個人個人の異質性をおおい隠して、なんとなくナアナアですごし、なんとなく一体感を味わえます。
誰も落ちこぼれないし、傑出することもないというわけです。

人との付き合い方や心理的距離のとり方のわからない者にとっては、道化的に接して軽くかわしていくのが無難なのです。

人間というものがよくわからず人間恐怖症なのに、どうしても人間を思いきることができず、人間に対する最後の求愛として道化スタイルを考案し、「この道化の一線でわずかに人間につながる事が出来たのでした」と言う太宰治の『人間失格』の主人公のように。

茶化さずに面と向かって人と付き合うのが苦手な者が多いということは、人との付き合い方に不安を抱く者、自分をさらけだしたいのにそれが怖くてできない者が多いということでしょう。

ただ、そうした傾向のなかで「何か物足りない」感じを抱く者が出てきているのも事実です。
内面世界を共有し合えるような深い関係をどこかで求めているのに、そんな欲求を表面に出すのはカッコ悪いし、照れくさい。
だから、現実の人間関係はドライにこなしながら、エンカウンター・グループなどのようなセッティングされた親密な場にお金を出して通ったりするのです。

エンカウンター・グループというのはお互いに知らない者同士でグループを組み、二時間ぐらいを一単位として話し合う集団心理療法の一つです。

といってもテーマが決まっているわけではなく、その瞬間に思っていること、感じたことをありのままに表出するものです。

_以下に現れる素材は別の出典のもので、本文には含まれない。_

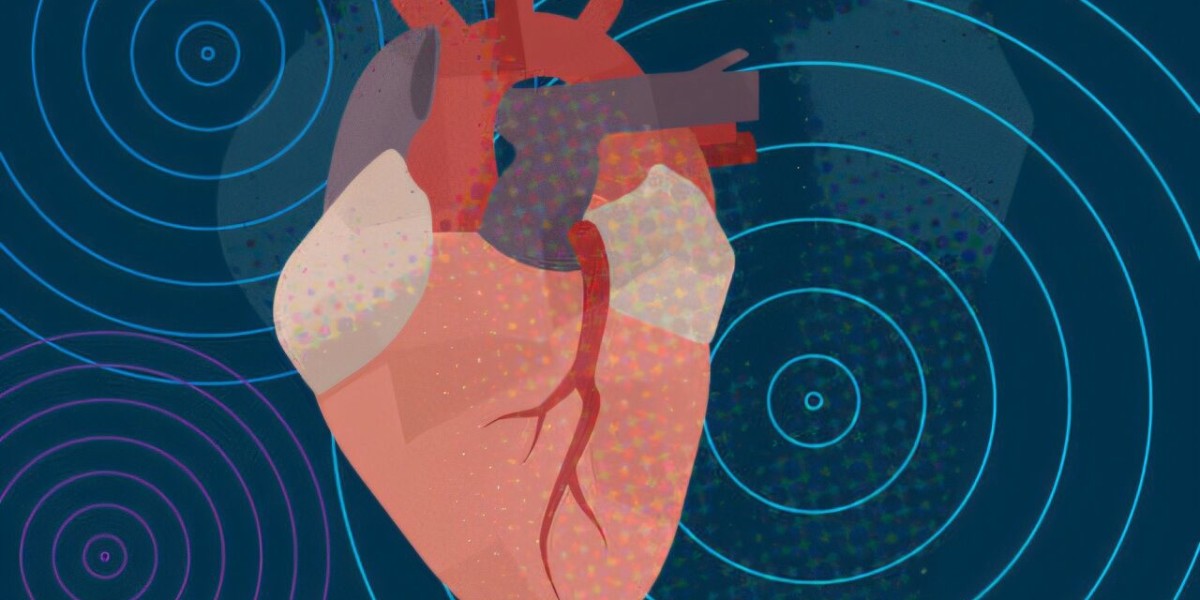 Atrial Fibrillation (Afib) Market Analysis Reveals Rising Demand for Advanced Cardiac Care Devices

したがって、感情的なやりとりに発展することがありますが、そのなかで日頃抑圧しているものが表面化し、自己認識を深めるきっかけになります。
と同時に、何でも話せる親密な関係を体験することもできますが、あくまでもその場限りの関係です。
このようなセッティングされた場でないと安心して内面をさらけだせないとしたら、これはちょっと病的状況でしょう。

理想の友人像は「モモ」

一昔前、ミヒャエル・エンデの『モモ』が映画化され注目を浴びました。
この主人公モモこそが、今求められている友人像なのかもしれません。

モモの前では何でも言えます。
心からホッとできます。
モモは何をするのかというと、何もしません。
ただ聞いているだけです。
つまり、モモは、人の気持ちをすべてそのままに受け入れてくれるのです。

この忙しい世の中に、無条件に話を聞いてくれる存在は、とても貴重です。
ありのままの自分を素直にさらけだせる相手がいてはじめて、自分がみえてきます。

相手の話はうわの空で聞き流し、つぎに言いたいことを必死に喉にせきとめ、相手が話し終わったとみるや一気にまくしたてる。

そんな会話光景がいたるところで目につきます。

おもしろいかおもしろくないか、自分の考えや感じ方と一致するか対立するかに関係なく、無条件に相手の話に耳を傾けること、相手の気持ちに心から関心をもつこと。

それが現代を生きる多くの者に欠けている点ではないでしょうか。

受け身で自分がないといわれた女性も、近頃ではしっかりと自己主張する人が増えてきました。

でも、その反面、せっかく得意としていた人の気持ちへの共感性を失うとしたら、何の進歩にもなりません。

モモのような友達を一方的に求めるのは調子よすぎます。

お互いに相手にとってのモモになることを目指すべきでしょう。